AI4S2S / s2spy

A high-level python package integrating expert knowledge and artificial intelligence to boost (sub) seasonal forecasting
https://ai4s2s.readthedocs.io/
Apache License 2.0
20 stars 7 forks source link

Default setting of min_area_km2 #132

Closed semvijverberg closed 1 year ago

semvijverberg commented 1 year ago

As a new user, it can be unexpected that some regions are removed by default. The min_area_km2 argument is now 3000**2 by default. You can get region 1 and 3 and think, where is region 2?

I also noticed there is a small error in the calculation of the area. I was testing at which area_in_km2 a small region of two grid cells of 5x5 would be removed (demonstrated in tutorial Notebook).
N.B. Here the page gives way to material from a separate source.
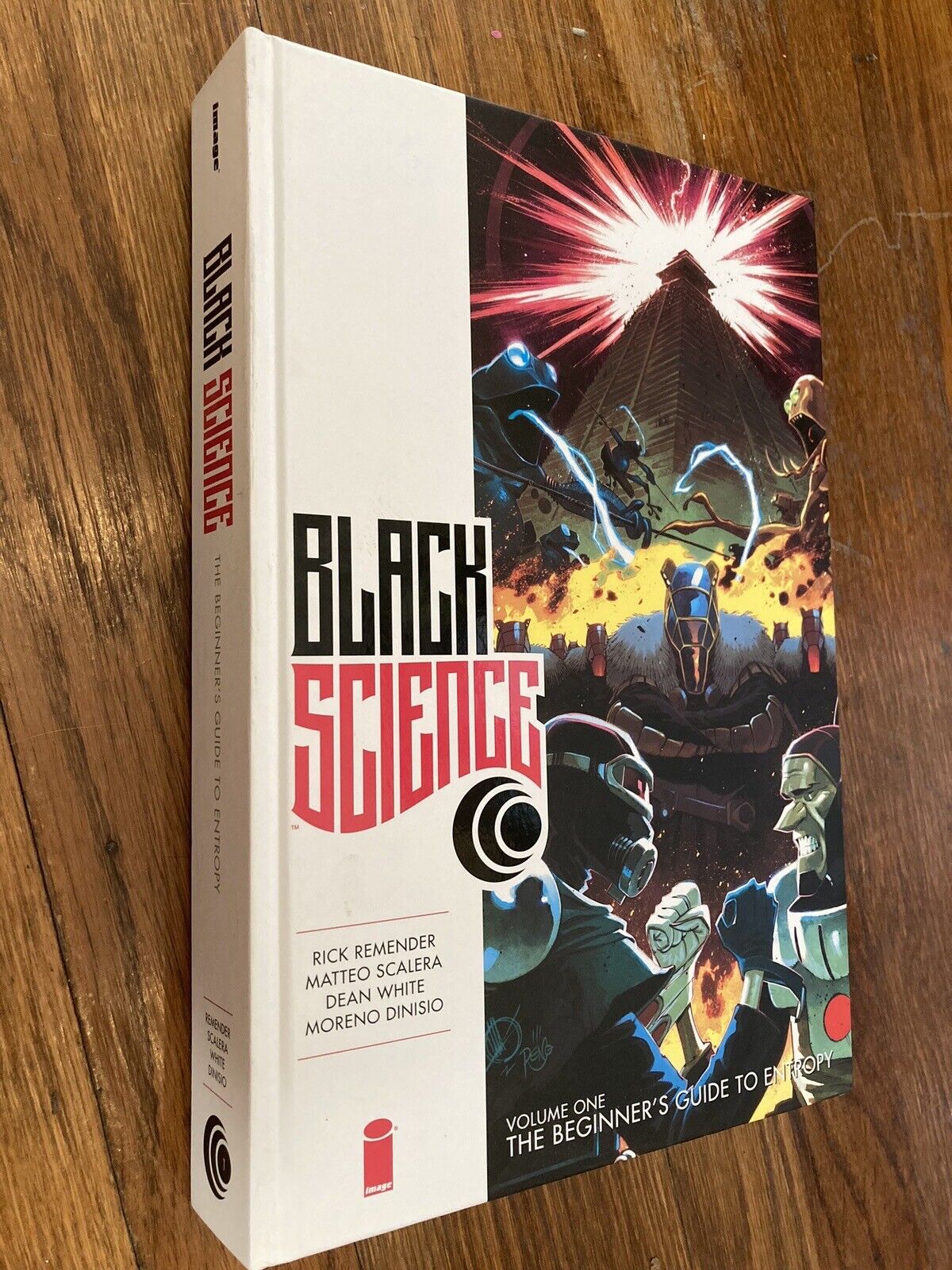 Black Science  Vol. 1 Remastered Edition Hardcover (Image Comics)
A back on the envelop calculation would be that this should roughly occur at the following value:

1 degree at equator is ~111 km, at 47,5 degree north this would be: 111 (km) np.radians(47,5) ~ 92km . So a 5 by 5 grid cell would roughly have an area of (592)**2=211.600 km2.

However, the current calculation of a single grid cell is 1.91e8 km2.
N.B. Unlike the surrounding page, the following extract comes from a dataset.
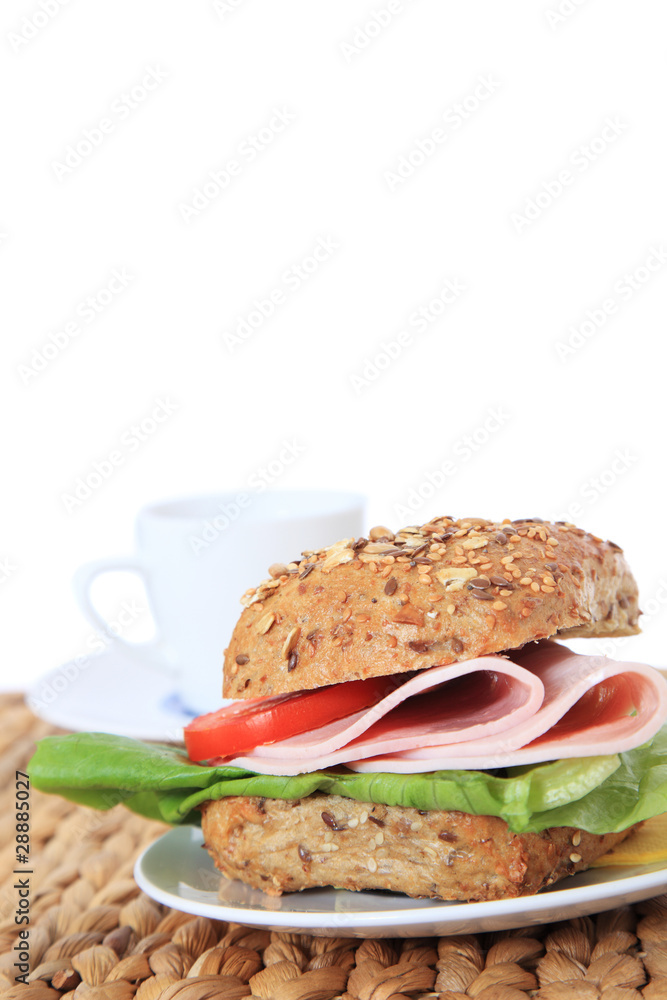 Belegtes Mehrkornbrötchen mit Kochschinken / extra copy space Stock ...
I checked the area calculation here, and the answer should be 208763 km2:

The correct way of calculating the area, following this formula.:

lat = data.latitude
dlat = np.abs(data.latitude.values[1] - data.latitude.values[0])
dlon = np.abs(data.longitude.values[1] - data.longitude.values[0])

lat_s = np.radians(data.latitude - dlat/2)
lat_n = np.radians(data.latitude + dlat/2)

spherical_area = (np.pi/180) * RADIUS_EARTH_KM**2 * np.abs(np.sin(lat_s) - np.sin(lat_n)) * np.abs(dlon)

Which renders and area of 208763 km2 (exactly matching the calculation of the tool above).

Hence, this issue highlights two things.

Could these changes be incorporated in #111 or do we need to raise a new PR?

semvijverberg commented 1 year ago

Ps: please let me know if you have any feedback on the clarity of this issue :)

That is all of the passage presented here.